Na manhã do jogo carrego as baterias das máquinas e limpo os cartões de memória. Antes de sair de casa verifico se as máquinas estão com os parâmetros que eu quero, tiro algumas fotografias para testar, escolho as lentes que quero levar e ponho tudo numa mala ou mochila, juntamente com as baterias e os cartões de backup (e as proteções para a chuva se for necessário.) Tento chegar uns quinze minutos antes do início do jogo para tirar algumas fotografias de teste e pensar por onde vou querer andar. Nas pausas do jogo, vou vendo se é preciso afinar alguma coisa (principalmente o balanço de brancos e a compensação da exposição.) Mais tarde no dia (nem sempre é possível fazê-lo logo a seguir ao jogo), passo as fotografias para o computador e começo o processo de escolha. Sendo normal chegar a casa com mais de 1000 fotografias, o primeiro trabalho é escolher cerca de 200 candidatas que, posteriormente, se reduzem a umas 50 a 100 que são editadas e publicadas nos dias a seguir ao jogo em álbuns no Facebook, no Instagram e no meu site. O processo de escolha e edição pode levar alguns dias, dependendo da disponibilidade de tempo.
Os jogos decisivos, como as finais, dão um gozo especial pela carga emocional que contêm e que é possível transmitir nas fotografias (de antes, durante e depois dos jogos.) Os jogos com lama são também particularmente interessantes de fotografar, quer diretamente pela “estética” especial, como pelo esforço acrescido que é exigido aos jogadores e que acaba por proporcionar emoções ainda mais fortes.

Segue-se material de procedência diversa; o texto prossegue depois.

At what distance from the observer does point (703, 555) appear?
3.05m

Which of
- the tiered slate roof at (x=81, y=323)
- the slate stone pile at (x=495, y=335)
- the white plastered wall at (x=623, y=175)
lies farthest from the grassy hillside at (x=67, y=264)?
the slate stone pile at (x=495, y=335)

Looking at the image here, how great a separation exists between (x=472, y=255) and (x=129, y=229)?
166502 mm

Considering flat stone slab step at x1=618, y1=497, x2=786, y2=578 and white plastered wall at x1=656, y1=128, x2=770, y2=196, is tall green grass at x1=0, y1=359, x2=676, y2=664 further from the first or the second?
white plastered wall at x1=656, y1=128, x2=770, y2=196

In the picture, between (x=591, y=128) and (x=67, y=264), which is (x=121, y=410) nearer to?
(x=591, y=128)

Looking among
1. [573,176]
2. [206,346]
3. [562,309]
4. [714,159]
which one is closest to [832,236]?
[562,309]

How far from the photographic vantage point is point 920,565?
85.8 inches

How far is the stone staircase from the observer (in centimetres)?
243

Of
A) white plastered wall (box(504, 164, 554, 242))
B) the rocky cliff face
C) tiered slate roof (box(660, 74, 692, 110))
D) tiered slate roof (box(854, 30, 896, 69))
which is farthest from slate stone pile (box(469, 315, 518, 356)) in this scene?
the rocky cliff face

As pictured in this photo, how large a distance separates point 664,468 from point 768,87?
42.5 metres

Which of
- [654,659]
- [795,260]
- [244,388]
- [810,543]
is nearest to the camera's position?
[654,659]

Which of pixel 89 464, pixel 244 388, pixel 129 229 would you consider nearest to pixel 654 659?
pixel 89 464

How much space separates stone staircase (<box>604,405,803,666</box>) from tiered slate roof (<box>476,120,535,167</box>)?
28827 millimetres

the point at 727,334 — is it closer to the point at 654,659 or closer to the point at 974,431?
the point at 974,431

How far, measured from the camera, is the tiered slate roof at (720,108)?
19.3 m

A minha fotografia preferida é a dos oito avançados da equipa sénior do Direito num jogo com o Técnico em Monsanto em janeiro de 2015. Não choveu durante o jogo, mas o campo estava muito enlameado. A meio da segunda parte houve uma pausa antes de uma touche e os avançados aproveitaram para reunir. Eu estava no sítio onde iria ser feito o lançamento, uns metros mais à frente, quando os avançados começaram a virar-se na minha direção e a fotografia apanha esse instante. Gosto especialmente desta fotografia pela expressão dos jogadores, que mistura a determinação no olhar com o cansaço revelado na postura e na lama acumulada ao longo do jogo, e também pela luz, que estava magnífica, e que dá à fotografia um aspeto quase épico. Foi tirada com a Nikon D4 e com a 300mm f/2.8, com uma abertura de f/5.6 para conseguir focar todos os jogadores, que estão a distâncias diferentes em relação à máquina, mantendo o fundo suficientemente desfocado para que eles sobressaiam.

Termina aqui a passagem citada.